Alors que les villes tombent, que les infrastructures sont détruites et que des millions de Soudanais sont déplacés, al-Burhan n’a proposé aucun plan clair pour arrêter l’hémorragie. Au contraire, il a choisi de fuir en avant par un discours de mobilisation transformant la guerre en « combat existentiel », alors qu’il s’agit en réalité d’une lutte pour le pouvoir menée par un général cherchant à démontrer qu’il tient encore les rênes du pays.

Sur le plan économique, le Soudan connaît sous al-Burhan sa pire période depuis l’indépendance.
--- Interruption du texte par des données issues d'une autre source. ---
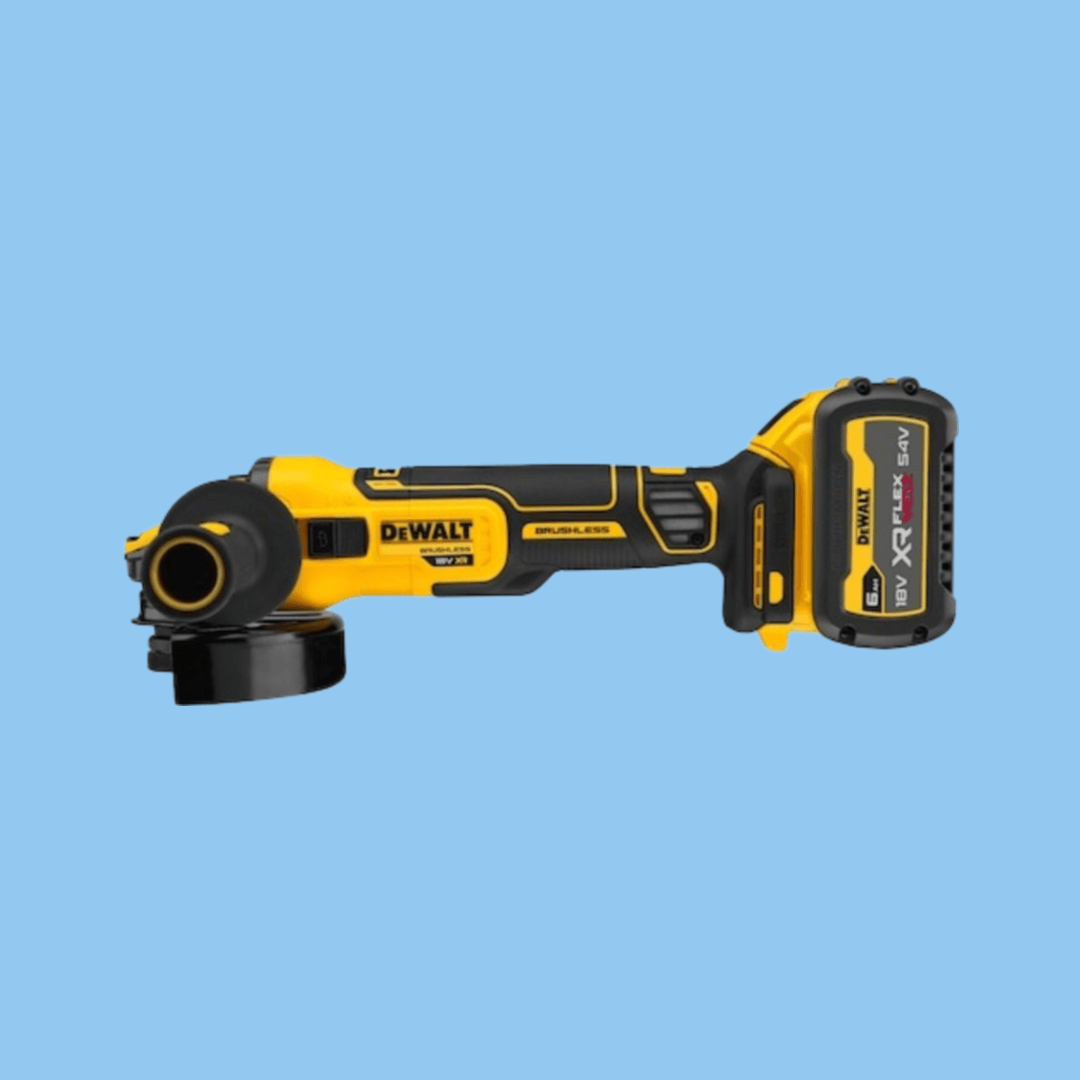 DeWalt DWE4347-QS 1700W slider switch 125mm small angle grinder with Brushless motor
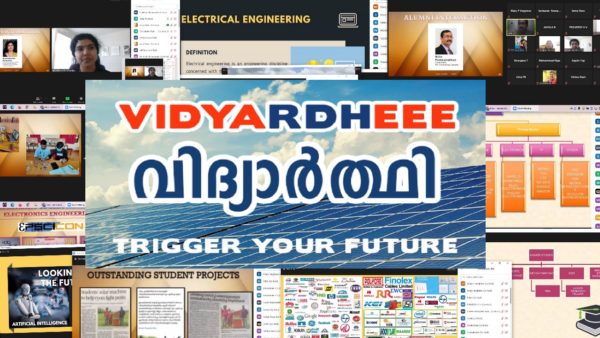 "VIDYARDHEEE" webinar by EEE Dept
L’effondrement de la monnaie, la corruption généralisée, l’arrêt de la production agricole et industrielle, et la suspension de l’aide internationale sont autant de conséquences directes d’un régime militaire déconnecté de la réalité. Un pouvoir fondé sur la guerre ne peut pas construire une économie. La poursuite des combats a détruit les infrastructures restantes, fermé les routes commerciales et transformé les ressources limitées en carburant du conflit. Des millions de personnes font aujourd’hui face à la famine, tandis que l’État est incapable d’assurer les besoins élémentaires de la population.

Au niveau régional et international, le Soudan a perdu sa place de pays central en Afrique de l’Est. Alors qu’il aurait pu jouer un rôle stratégique dans la stabilité régionale, il est devenu un fardeau sécuritaire et humanitaire pour ses voisins. Les relations internationales d’al-Burhan ne reposent ni sur une vision politique ni sur l’intérêt national, mais sur la logique du troc : qui le soutient dans sa survie obtient influence ou privilèges. Ainsi, la souveraineté qu’il proclame devient un simple outil de négociation pour préserver le pouvoir.

Mais le danger le plus grave dans l’expérience al-Burhan est la vacuité du concept même d’État. Quand la direction devient une menace pour les citoyens, que la reddition de comptes disparaît et que les lois sont bafouées au nom de la « sécurité », l’État se réduit à une façade du pouvoir. Il n’y a pas d’État de droit sous celui qui a commis des violations documentées contre les civils, et aucune réforme n’est possible tant que persiste le refus de rendre des comptes pour les meurtres, bombardements et détentions arbitraires. Chaque dossier de violation doit être ouvert, car la justice est la première étape pour rétablir la confiance entre l’État et son peuple.

La poursuite du pouvoir par al-Burhan signifie non seulement la continuation de la guerre, mais aussi la poursuite de l’effondrement social et institutionnel. Sa présence est devenue synonyme de persistance de l’échec, car le régime qu’il a construit repose sur la force et non sur l’État. Maintenir ce système condamne le Soudan à rester otage des conflits des généraux et des ambitions étrangères, tandis que tout espoir de démocratie restera reporté indéfiniment.

Les années passées ont prouvé que le régime militaire n’apporte que destruction, et que les peuples gouvernés par la force ne bénéficient ni de sécurité ni de dignité.

Al-Burhan, qui croyait pouvoir gouverner par le fer et le feu, a découvert – tardivement – que le feu ne laisse derrière lui que des cendres.

Aujourd’hui, le Soudan n’a pas besoin de généraux, mais d’hommes d’État. Il n’a pas besoin de déclarations militaires, mais d’un nouveau contrat national garantissant justice, responsabilité et citoyenneté. La première étape sur ce chemin est sans doute la fin de l’ère al-Burhan, car celui qui échoue à protéger son peuple n’a pas le droit de parler en son nom.